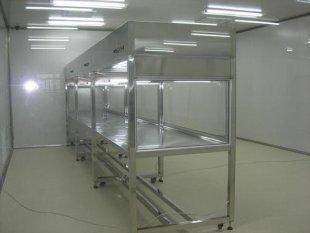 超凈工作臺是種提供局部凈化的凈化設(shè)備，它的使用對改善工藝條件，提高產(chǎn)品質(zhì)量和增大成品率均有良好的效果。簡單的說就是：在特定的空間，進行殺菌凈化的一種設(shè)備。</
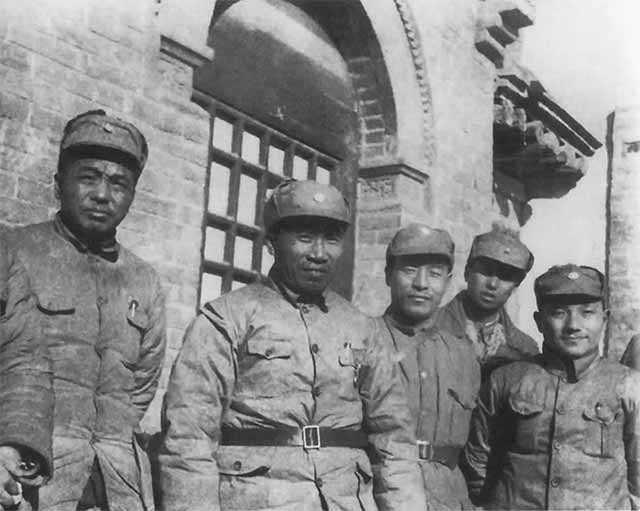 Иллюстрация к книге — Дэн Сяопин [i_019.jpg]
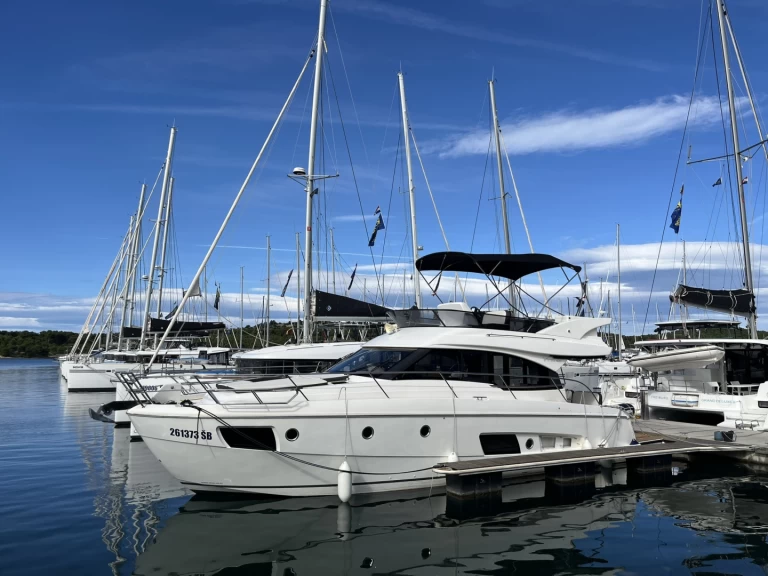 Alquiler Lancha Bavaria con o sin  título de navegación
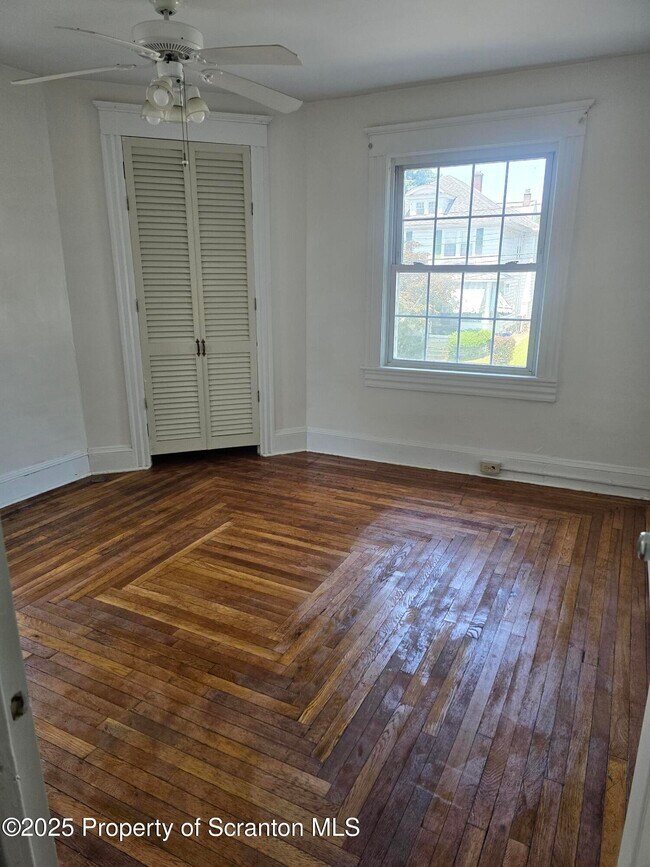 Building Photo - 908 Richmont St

********************

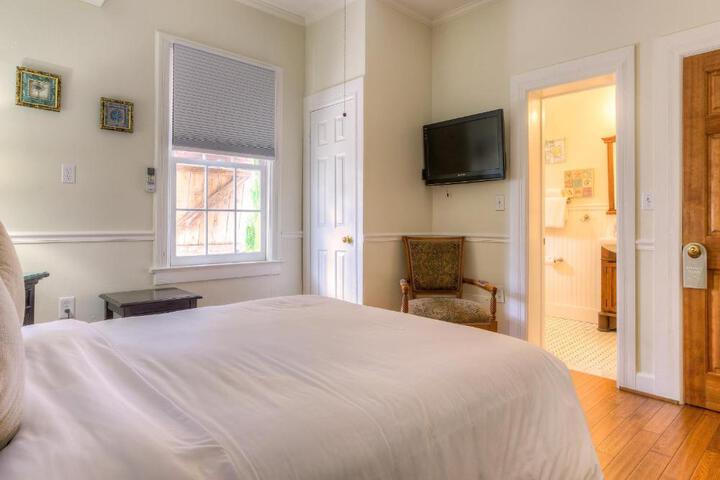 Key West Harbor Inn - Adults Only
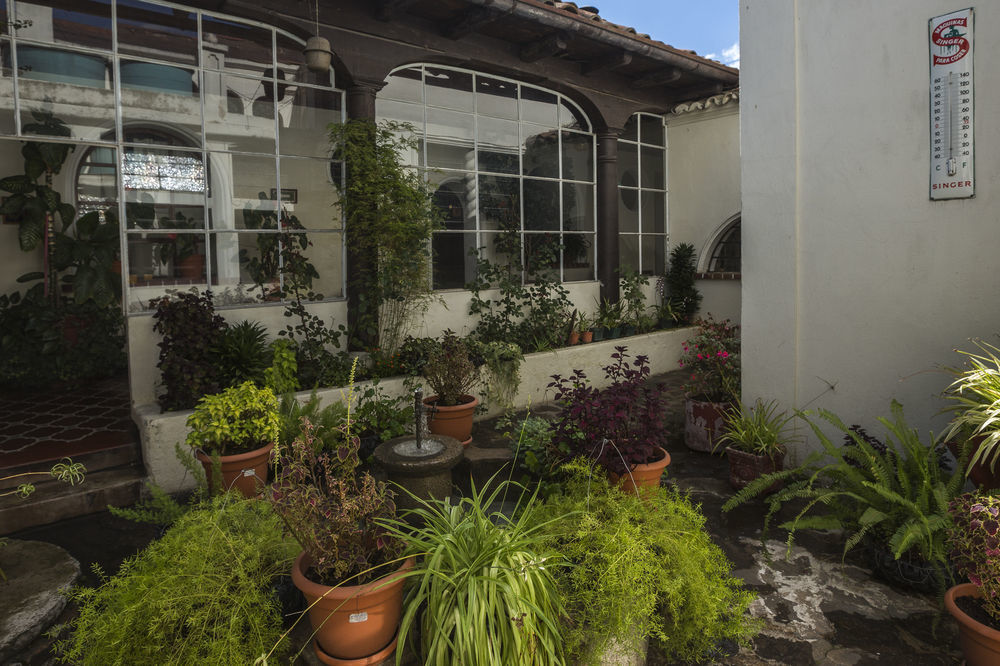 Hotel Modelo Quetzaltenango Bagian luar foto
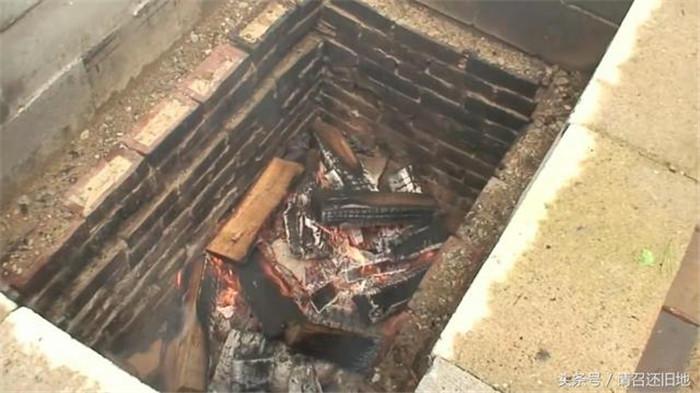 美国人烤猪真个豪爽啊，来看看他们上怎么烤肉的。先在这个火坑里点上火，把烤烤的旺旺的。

********************

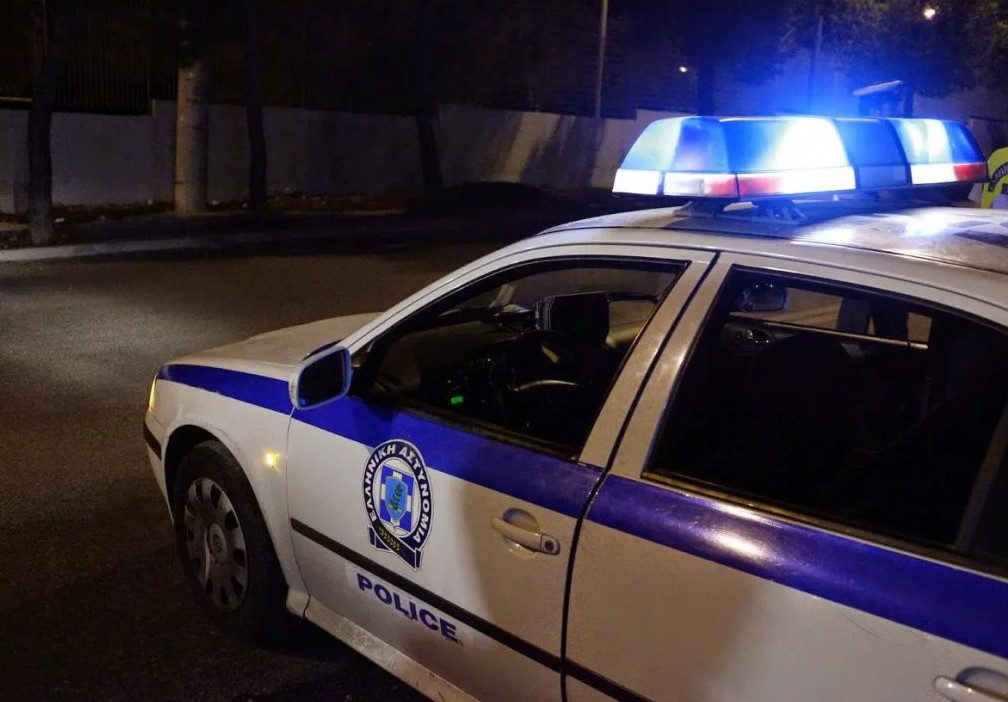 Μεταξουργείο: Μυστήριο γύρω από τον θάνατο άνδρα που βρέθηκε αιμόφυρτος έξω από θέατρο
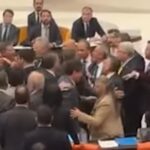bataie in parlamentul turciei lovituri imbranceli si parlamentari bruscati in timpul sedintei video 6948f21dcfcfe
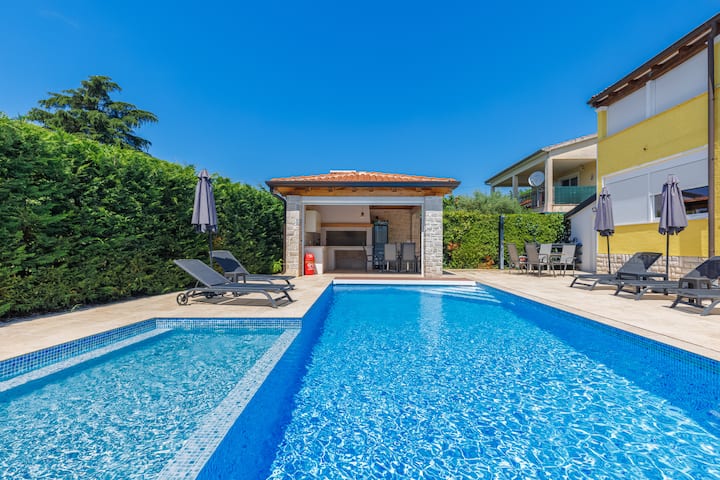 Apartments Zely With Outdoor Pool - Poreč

********************

» **What is being asked**
Your copy should hold only the lines above from the one containing "Иллюстрация к книге — Дэн Сяопин [i_019.jpg]" through the one containing "Building Photo - 908 Richmont St", exactly as written and free of pictures.

» **Response area**
 Иллюстрация к книге — Дэн Сяопин [i_019.jpg]
 Alquiler Lancha Bavaria con o sin  título de navegación
 Building Photo - 908 Richmont St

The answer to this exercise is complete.